Things that you should be doing but most of you aren’t:

#1: Want a way to know your opponent’s deck before you even start the game? Check out his lifepad. A good portion of players don’t tear out the sheet from their last round. They’ll sit down in front of you and pull out their lifepad. Have a quick look while shuffling your deck. Check for the following: Which one is his life column, which one is the opponent’s. A decrease of the opponent’s life total in steps of three, six, nine etc. damage could mean your opponent is playing Valakut.
A gain of five life could mean they have [card]Baneslayer Angel[/card]s. This works best when you know the format well enough.

Another thing to look at: Did he write down the contents of his opponent’s hand? Maybe he’s playing discard spells. Does his life total decrease by one for a couple of turns? [card]Bitterblossom[/card] alert! Of course, none of those gets you a clear picture, but when it’s all about the little edges, this one can make decisions at the beginning of the match a lot easier. Even if you get an advantage only one match out of twenty, it comes at no cost and can have a big upside, so you should be doing it.
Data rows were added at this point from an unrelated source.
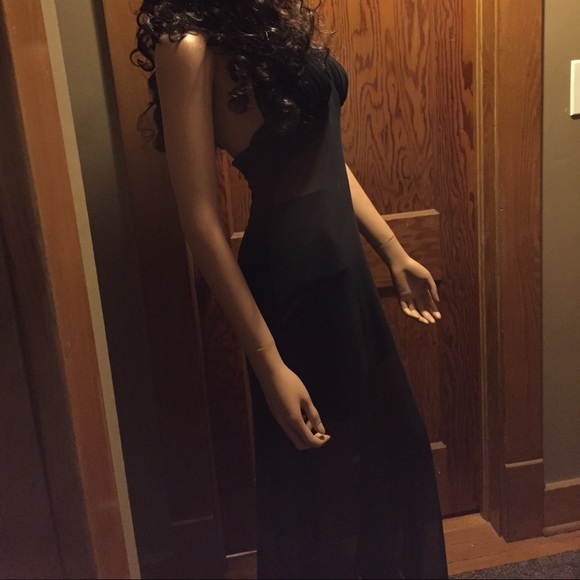 Price reduced..Authentic Tadashi size Medium - Picture 4 of 6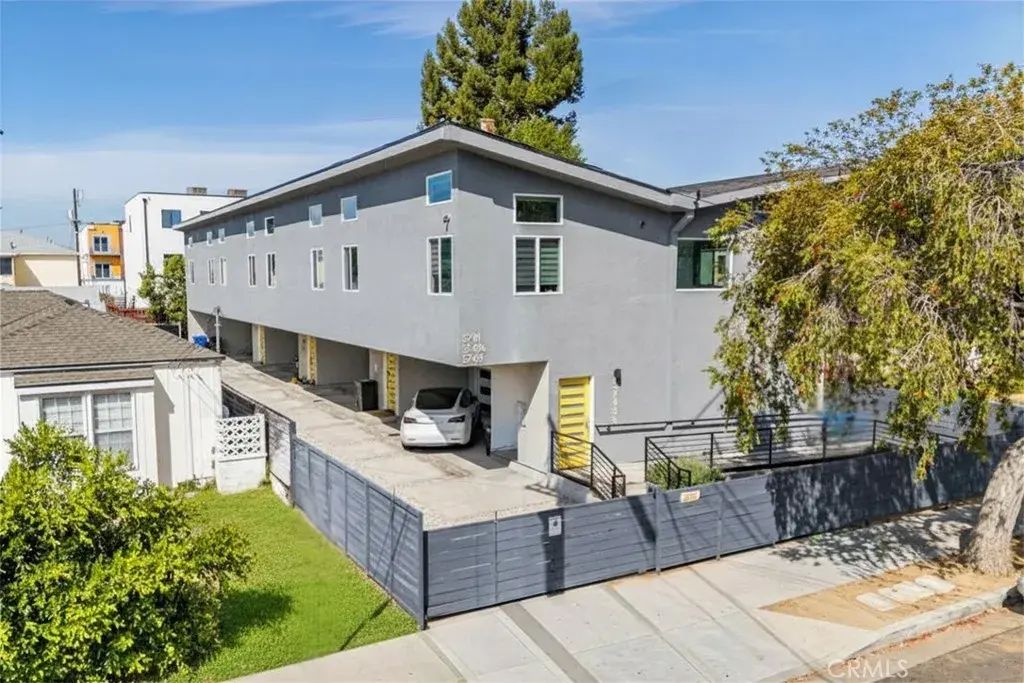 5743 Case, North Hollywood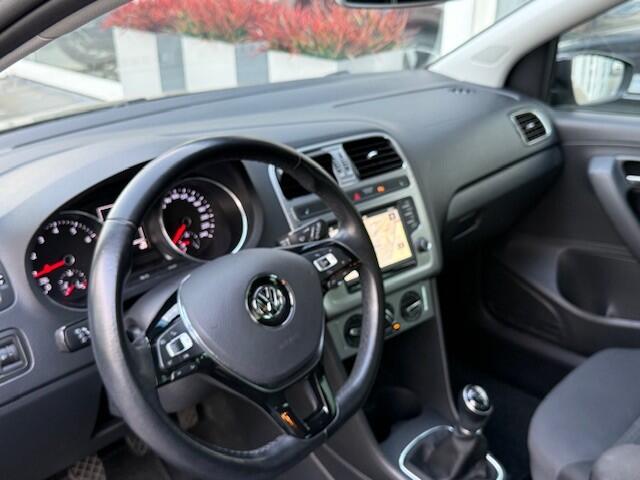 Volkswagen POLO 1.0 BlueMotion Connected Series - Carplay | Camera | PDC v+a | NAV | DAB | Stoelverw.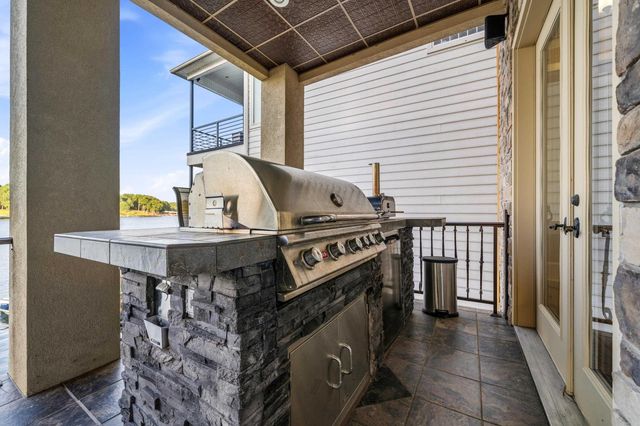 331 Paradise Point, Hot Springs, AR 71913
I had a hard time deciding whether or not I should write this report when everyone is thinking about New Phyrexia and I even thought about linking the report to a small outlook on the new set in Limited.

However, I’ve never been a fan of reading Set Reviews before having even touched a single card in the format. Those are good guidelines, but the general understanding of a format will jump within the first two weeks of its release. To me, that is the best time to have a meaningful format discussion on a decent level.

So in the end, I wrote this one because of the single reason that matters: I wanted to and I liked doing so.